Very successful in reaching his primary objective, which is to critically interrogate current usage of the term “gang” and replace this with a more nuanced understanding of the wider street culture, perhaps Hallsworth is less successful in convincing the reader of the value of his alternative methodological approach, that of auto-ethnography. He makes a strong case for the use of this method in Chapter 2 which sets the stage for the remainder of the text, but a return to a discussion of the value of the method at the conclusion of the text would have helped reinforce its contribution. Despite his use of auto-ethnography in the early chapters, where he does recount instances of his own experiences with “gangs”, the text in some ways minimizes the daily realities faced by people directly or indirectly involved in gang-related activities. Broader social, economic, political, historical and cultural contexts and processes heavily influence the ways in which “gangs” and their activities are constructed, but until these contexts change, lives are being lost and others irrevocably changed by criminal groups, whatever the label used, and their criminal activities, however (in)frequent. I do not think Hallsworth dismisses these points, but in focusing on the moral panic relating to “gangs”, one runs the risk of minimizing some of the realities which young people and their families face on a day-to-day basis. Addressing the economic, political, and social structural factors that contribute to the “gangland UK thesis” is a laudable, long term goal. But for families and communities directly impacted by these groups and individuals on a daily basis, the immediate answers and assistance promised by the “gang talkers” offers an inkling of hope for the near future.

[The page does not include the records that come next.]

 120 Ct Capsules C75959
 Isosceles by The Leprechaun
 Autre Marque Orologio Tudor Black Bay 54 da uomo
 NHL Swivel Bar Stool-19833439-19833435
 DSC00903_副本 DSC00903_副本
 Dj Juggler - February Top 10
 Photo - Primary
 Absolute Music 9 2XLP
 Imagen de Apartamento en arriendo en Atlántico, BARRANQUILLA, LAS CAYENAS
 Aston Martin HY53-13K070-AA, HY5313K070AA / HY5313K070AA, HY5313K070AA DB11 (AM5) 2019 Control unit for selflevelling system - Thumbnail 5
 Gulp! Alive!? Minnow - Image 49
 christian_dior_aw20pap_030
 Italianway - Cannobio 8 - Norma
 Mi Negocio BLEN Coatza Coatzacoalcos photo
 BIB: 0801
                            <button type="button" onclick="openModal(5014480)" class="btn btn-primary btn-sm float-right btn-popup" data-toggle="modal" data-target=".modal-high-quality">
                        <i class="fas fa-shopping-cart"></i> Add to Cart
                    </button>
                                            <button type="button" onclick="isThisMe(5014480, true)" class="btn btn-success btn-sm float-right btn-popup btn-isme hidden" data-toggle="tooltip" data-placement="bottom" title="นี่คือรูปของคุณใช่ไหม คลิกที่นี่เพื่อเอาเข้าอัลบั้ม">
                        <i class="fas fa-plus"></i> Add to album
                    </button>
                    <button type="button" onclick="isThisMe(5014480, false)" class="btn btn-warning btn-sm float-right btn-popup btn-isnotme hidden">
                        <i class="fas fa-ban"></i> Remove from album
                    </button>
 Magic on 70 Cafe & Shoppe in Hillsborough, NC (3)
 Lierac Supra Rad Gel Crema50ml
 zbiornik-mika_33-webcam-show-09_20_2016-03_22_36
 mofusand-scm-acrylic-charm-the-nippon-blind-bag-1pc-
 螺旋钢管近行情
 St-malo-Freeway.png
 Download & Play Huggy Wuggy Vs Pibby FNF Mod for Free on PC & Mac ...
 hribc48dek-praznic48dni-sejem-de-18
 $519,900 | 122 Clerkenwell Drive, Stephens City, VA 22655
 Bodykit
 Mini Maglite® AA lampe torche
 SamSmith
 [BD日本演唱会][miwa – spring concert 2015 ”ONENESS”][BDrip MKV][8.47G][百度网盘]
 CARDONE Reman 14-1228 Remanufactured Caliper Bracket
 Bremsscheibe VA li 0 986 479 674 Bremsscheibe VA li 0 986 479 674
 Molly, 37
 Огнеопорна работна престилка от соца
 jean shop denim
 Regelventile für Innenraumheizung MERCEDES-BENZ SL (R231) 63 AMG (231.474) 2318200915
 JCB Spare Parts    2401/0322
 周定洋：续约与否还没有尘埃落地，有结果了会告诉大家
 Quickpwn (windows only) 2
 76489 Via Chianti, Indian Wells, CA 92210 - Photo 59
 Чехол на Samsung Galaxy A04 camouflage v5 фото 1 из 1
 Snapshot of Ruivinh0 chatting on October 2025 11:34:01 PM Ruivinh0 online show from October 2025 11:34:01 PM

Aside from a number of typos that can be distracting, the writing style is an engaging one. This may be in part because of the tone Hallsworth takes throughout the text. He is sarcastic, snarky, and highly critical of dominant political and academic discourse on the topic. Considering his frustration with the reification of “corporate gangs” as the root of most evil in contemporary society and the compelling arguments he makes against this view, the tone and style are a good fit for the effective delivery of his message. They make for an engaging and entertaining read. Quite honestly this is a text that is difficult to put down once one begins to read it.
This is a must-read for anyone remotely interested in the contemporary “gang problem”. Hallsworth’s writing style is accessible to popular and academic audiences alike. I plan on using sections of The Gang and Beyond: Interpreting Violent Street Worlds in my graduate seminar on Criminal Justice.